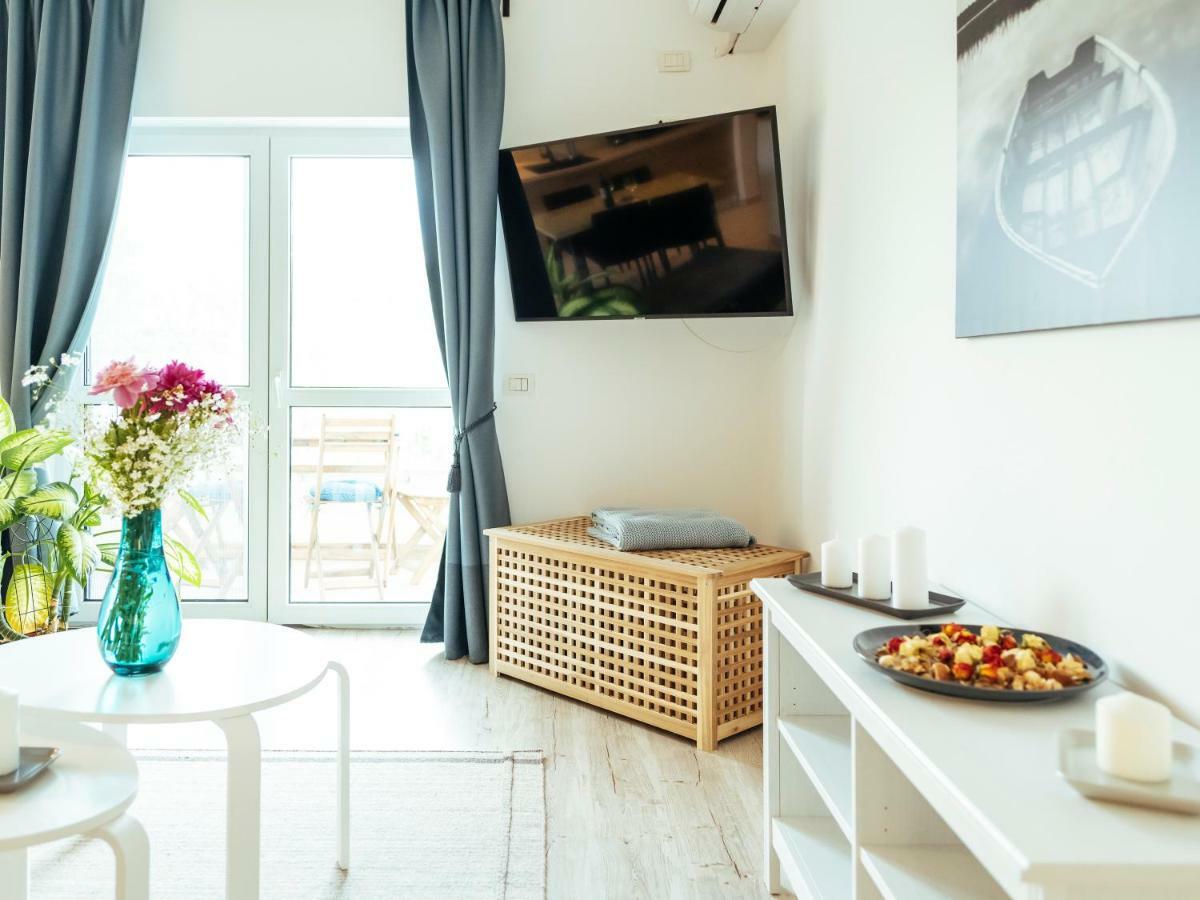 Bright And Spacious Central Apartment- Piata Amzei Bukarest Exteriör bild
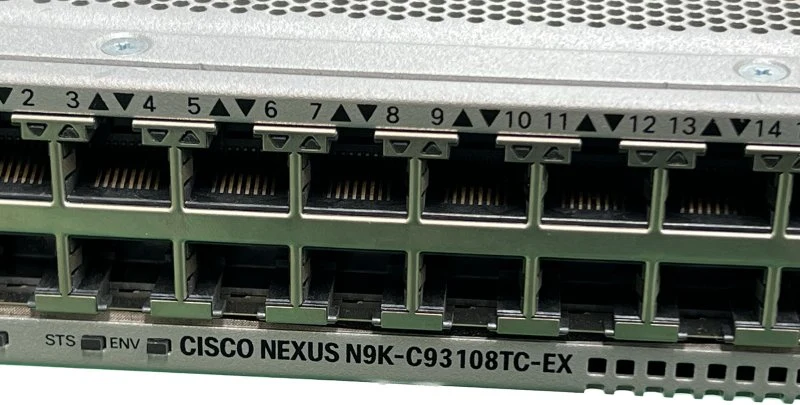 محولات السلسلة N9K-C93108tc-Ex Cisco Nexus 9300-Ex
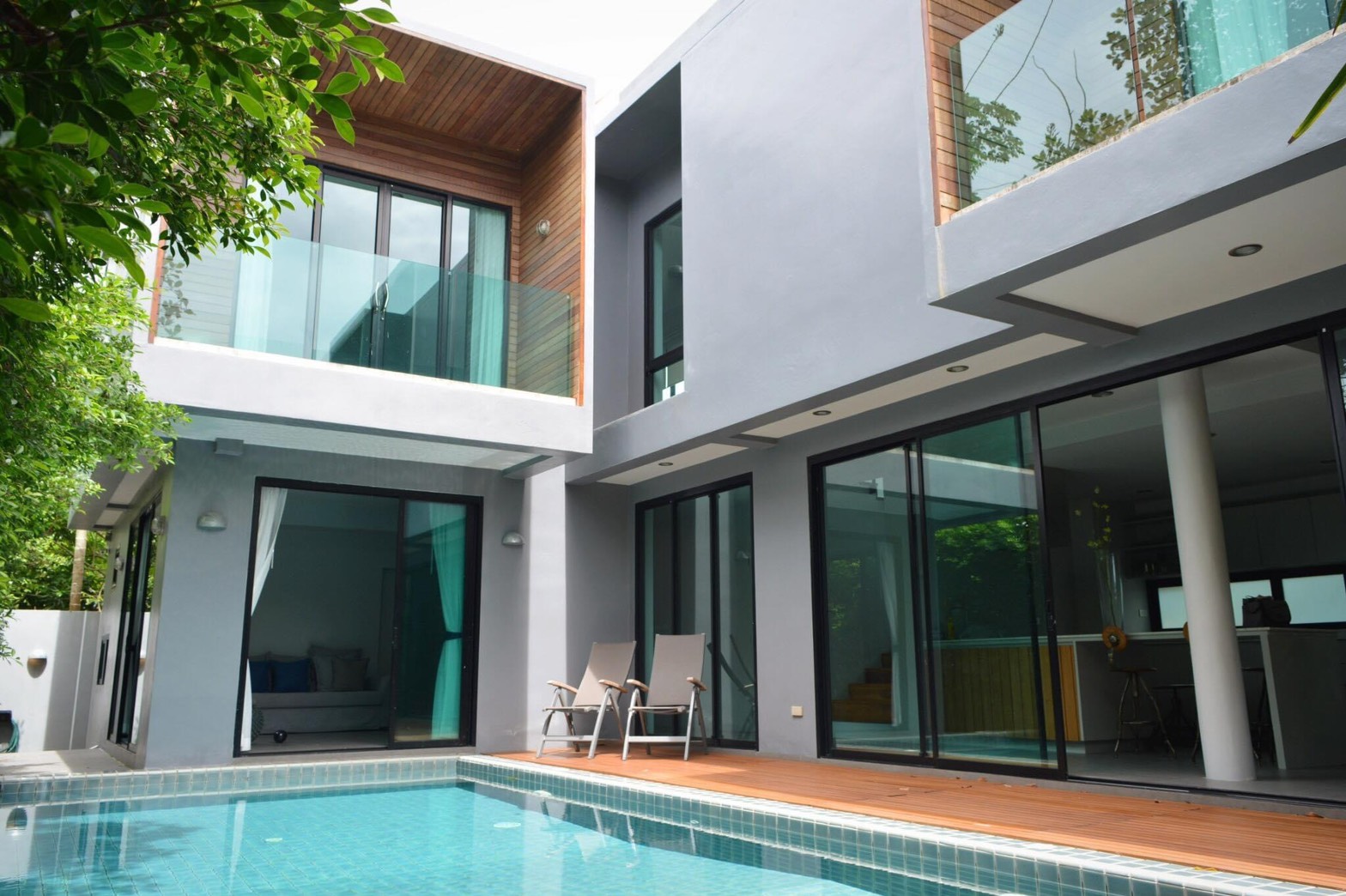 For Sale : Laguna Layan Beach House 3 Bedrooms 3 Bathrooms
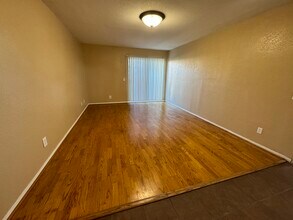 868 E Alvarado St, Unit 868 E. Alvarado St. #1 in Fallbrook, CA - Building Photo - Building Photo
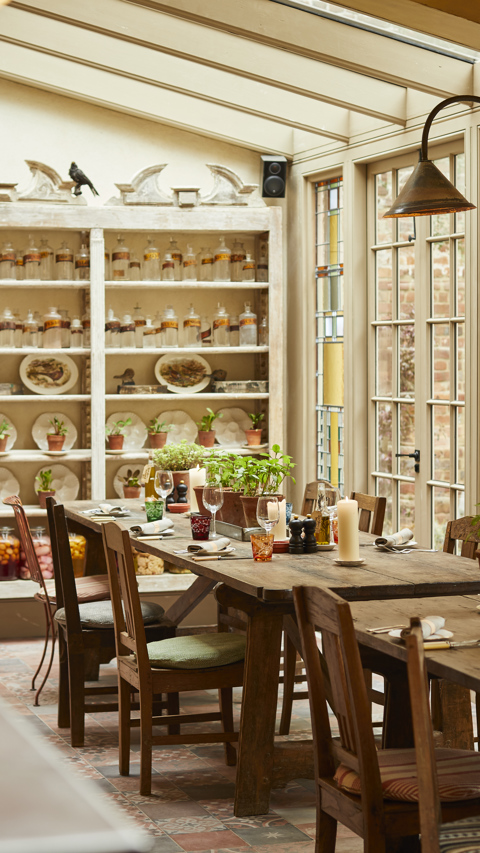 The Pig at Bridge Place — interior and exterior view 33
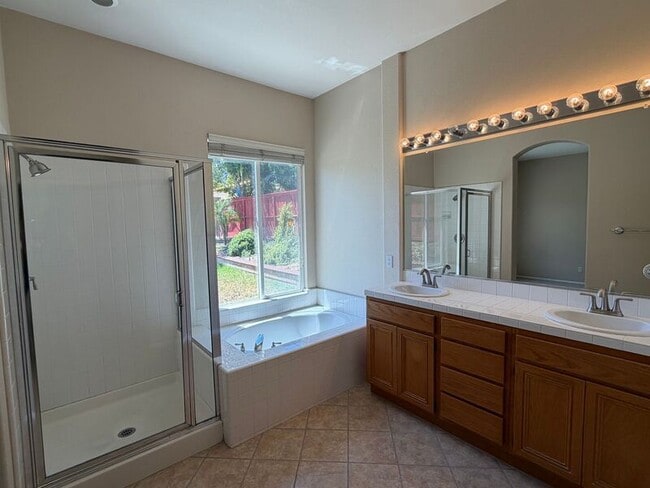 Building Photo - 41019 Promenade Chardonnay Hls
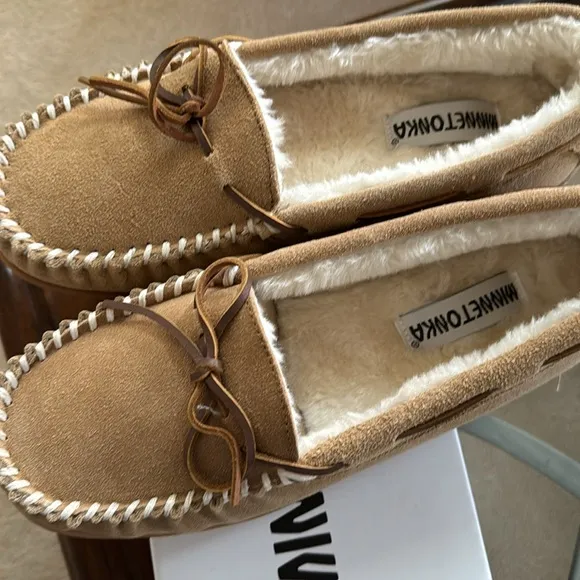 Minnetonka Women's Tie MocFurFurry Moccasin Slippers Women Rubber Camp Sole, 11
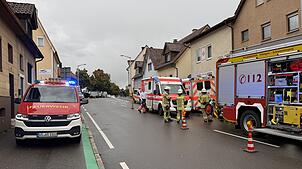 Mehrere Rettungsfahrzeuge stehen am Donnerstagnachmittag in der Schwenninger Arminstraße.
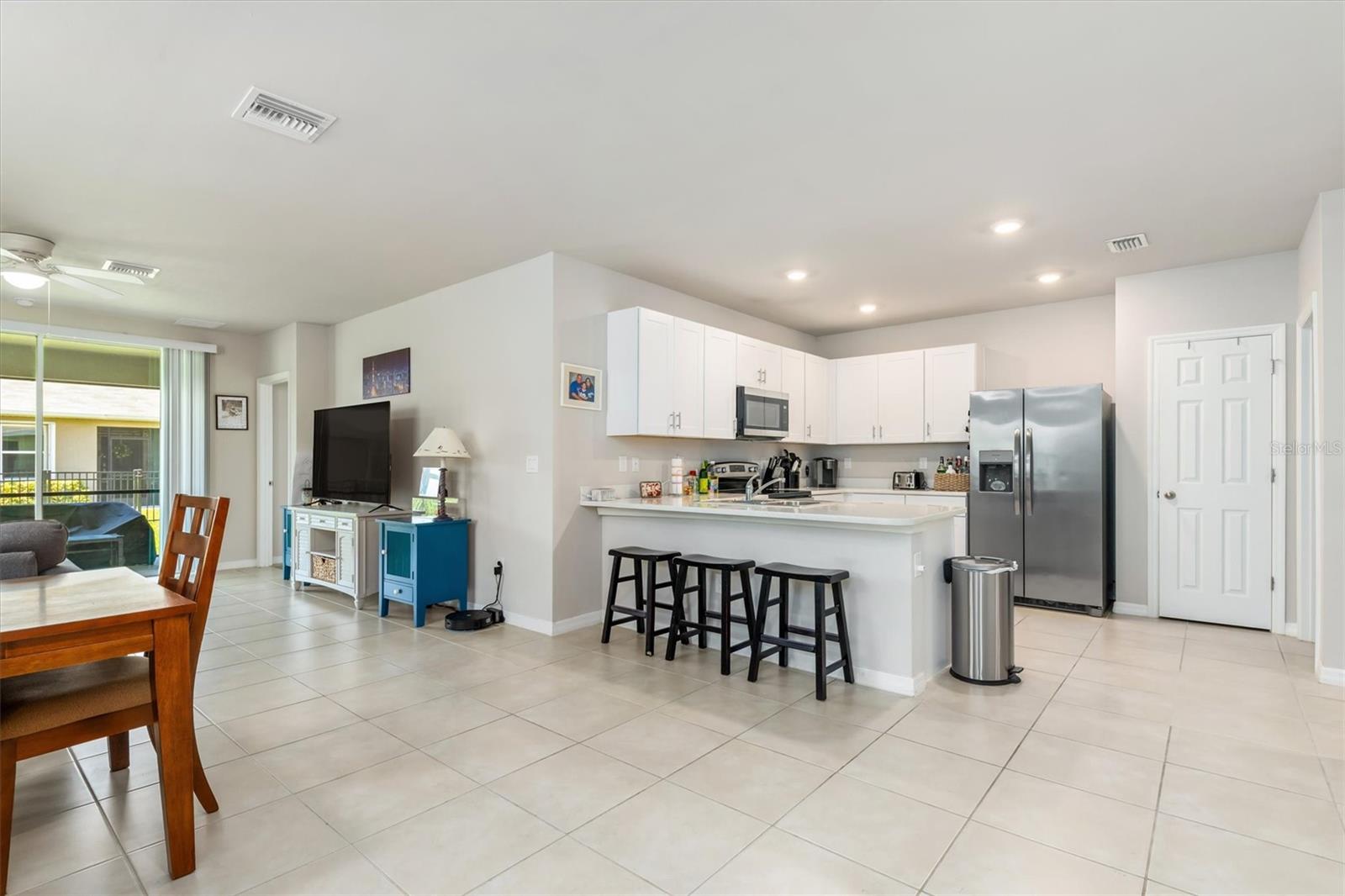 Image 7 of 65 For 25089 Lenox Circle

# # # #

--- TASK STATEMENT ---
Would you please repeat all the data word for word, but without the pictures?

--- TASK RESPONSE ---
 Bright And Spacious Central Apartment- Piata Amzei Bukarest Exteriör bild
 محولات السلسلة N9K-C93108tc-Ex Cisco Nexus 9300-Ex
 For Sale : Laguna Layan Beach House 3 Bedrooms 3 Bathrooms
 868 E Alvarado St, Unit 868 E. Alvarado St. #1 in Fallbrook, CA - Building Photo - Building Photo
 The Pig at Bridge Place — interior and exterior view 33
 Building Photo - 41019 Promenade Chardonnay Hls
 Minnetonka Women's Tie MocFurFurry Moccasin Slippers Women Rubber Camp Sole, 11
 Mehrere Rettungsfahrzeuge stehen am Donnerstagnachmittag in der Schwenninger Arminstraße.
 Image 7 of 65 For 25089 Lenox Circle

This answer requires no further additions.